I think the answer to this question has to be that many of us recognize a moral panic occurring in our culture (and in other cultures around the world) about the internet and social media. It’s a moral panic that both predates last year’s election and is not particularly rooted in that election. I have begun to write about that moral panic here, and Adam Thierer’s recent review of Foer’s book is titled “Franklin Foer’s Tech-Panic Manifesto.” So if we’re going to talk about whether social media are “broken,” we have to do so in express recognition of the moral panic about social media that’s happening.
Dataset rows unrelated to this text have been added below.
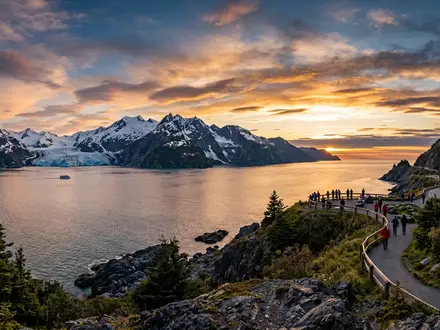 Fotorealistische Panoramaaufnahme von Kenai-Fjords-Nationalpark in Seward USA, warmes Abendlicht auf Wahrzeichen im Reisemotiv - Foto: THN
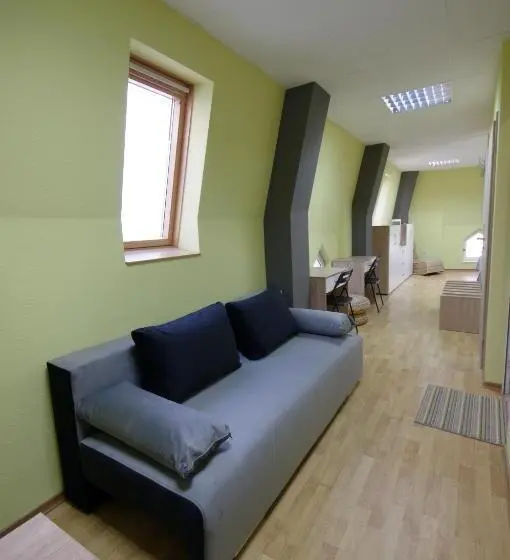 ファミリーステューディオ, Guest House The House топ център габрово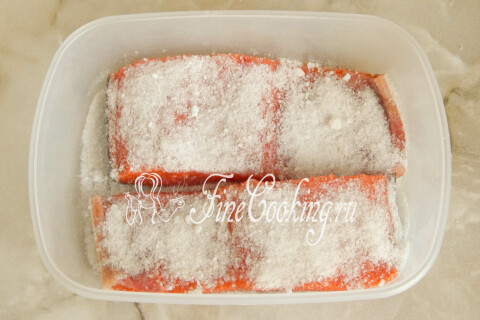 Куски рыбы, засыпанные большей частью соляно-сахарной смеси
We have to ground our arguments in theories that speak positively of what social media have given us, not merely dismissively with the notion that this “pointless babble” has probably not done any great harm.
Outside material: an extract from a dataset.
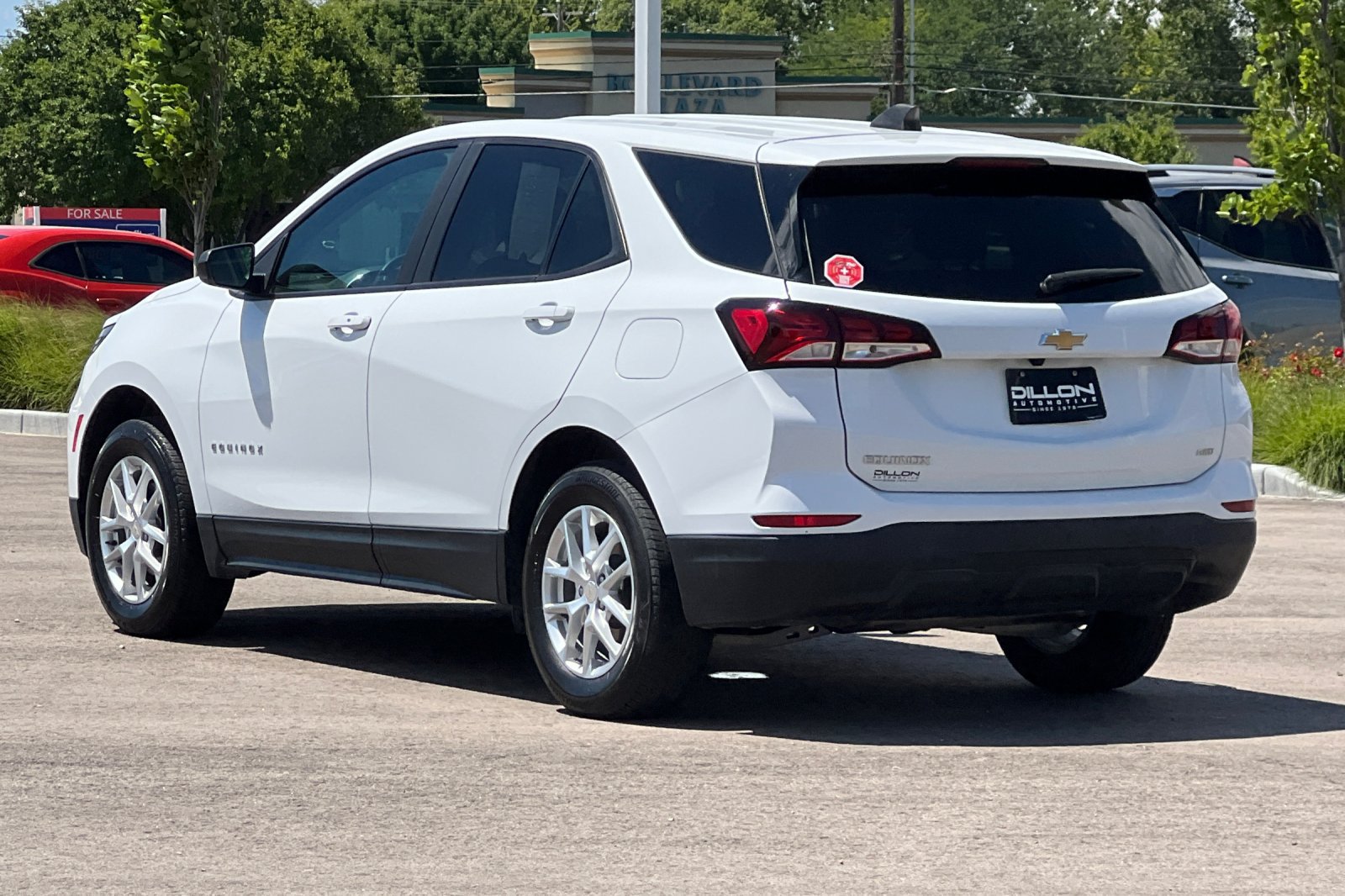 Used 2022 Chevrolet Equinox LS w/ LS Convenience Package AWD/4WD image 9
To his credit, Will tries to break some new ground in terms of a positive defense with what he calls “the capabilities approach,” which he characterizes as both an “evaluative framework” that “isn’t a series of answers, but a more formalized series of questions.” The capabilities approach, he says, is one of evaluating “various aspects of individual wellbeing” and, in that light, “a tool to design and evaluate policies.” This is the point where I found myself shaking my head, because the theory that Will is trying to formulate here already exists in First Amendment theory. Specifically, it’s what Thomas Emerson articulates in the scholarly writing that John Samples drew upon for his essay. And it’s what Kate Klonick draws upon when she cites Jack Balkin’s law-review article (which criticized the limitations of the Meiklejohnian politics-centric view of the First Amendment). As both Emerson and Balkin demonstrate, there’s no need to reinvent the wheel when it comes to harmonizing free-speech theory with individual human needs. Contrary to Will’s suggestion, Balkin does not “appeal to the authority of democracy to say that individuals should have a say in the development of culture.” Instead, he’s saying that participation in the development of culture just is a part of democracy, drawing not least upon the First Amendment theory underpinning our two-decade-old victory in the Supreme Court case Reno v. ACLU (1997) – a case that’s still a triumph, it must be said, of pragmatic optimism.
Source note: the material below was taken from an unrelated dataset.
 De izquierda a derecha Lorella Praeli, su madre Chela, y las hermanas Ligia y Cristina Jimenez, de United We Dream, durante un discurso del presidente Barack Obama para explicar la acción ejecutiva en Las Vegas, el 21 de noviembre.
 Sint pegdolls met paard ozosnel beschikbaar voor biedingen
I can’t help finding myself wishing, after reading and rereading Will’s contributions, to find stronger defenses of democracy, of freedom of expression, and of social media than the ones he offers us. It seems clear that Will doesn’t think much of democracy itself. (He’s right that we need to value “expertise,” but the idea that voters need to be informed and have something to contribute to their governance is something he apparently accepts as a “folk theory of democracy.”) And it seems just as clear that he thinks freedom of expression in social media doesn’t mean much. He feels compelled to elaborate on his earlier declaration that “What people do online is engage in the pointless babble that is so often derided.” In his follow-up essay, Will allows (without expressly admitting) that his generalization may apply only to “most” people. And he clarifies that the “pointless babble” isn’t, strictly speaking, “pointless,” since “these gestures are simply an example of what linguists call ‘phatic communication.’” In other words, social media expression is not totally pointless because it might amount to communications like grunting or nodding to signal your shared presence with someone, or like saying “how’s it going?” as a greeting when you’re not really seeking factual declaration in response.

I don’t think there’s any serious dispute that some subset of social media expression is “phatic”indeed, the early “poke” function on Facebook was essentially nothing more than that. Still, I don’t think I’m in the grip of any “emancipatory vision” when I insist that actual, meaningful, valuable, non-phatic communicationincluding both political (Meiklejohnian) and cultural (Emersonian or Balkinian) take place every day on social media platforms. So in my view, defending social media and internet expression as “phatic communication,” taken together with the implicit dismissal of the need for an informed citizenry as part of a “folk theory of democracy,” strikes me as no defense at all.